Don't be Holly Fisher with her Bible and her overly big gun (for no reason) proud of her magical beliefs. Don't be the radical religious person who, in their zealousness, thinks they have the truth of it all. Don't go believing in hidden submarines that may or may not be there. Don't go chasing waterfalls, for that matter.

Let's be reasonable. Let's reason together.


Just because there might be a happier life after this (something we could never be sure about until, well, after the fact), and that's certainly a big what if, what justifiable reason could anyone have for spreading misery and making reckless decisions that could potentially harm others in this life?

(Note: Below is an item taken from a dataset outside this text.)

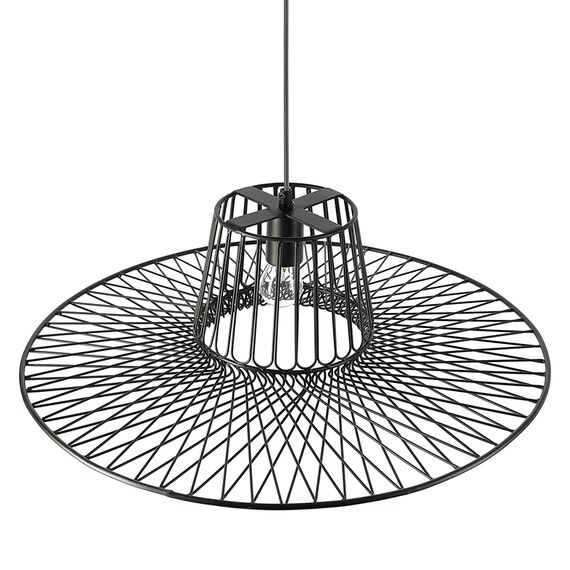 Светильник подвесной Vinger, 60,5x18 см, черный, Bergenson Bjorn, изображение 6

As far as I'm concerned, there aren't any excuses--not even magical books, beliefs, or submarines can justify sinking the boat which everyone else has no choice but to be in alongside with you. Don't think that your desires, your thoughts, and your feelings trump the desires, thoughts, and feelings other people, as if you were the only person that mattered.

It's not just about you. It's about all of us.

What matters, I should hope, is each other

Which is why I think it is expressly important to pause to consider our moral actions and their consequences.

I just wish more people would take the time to think about these issues, because, regardless of what you may believe, the fact remains that we're all in this boat together.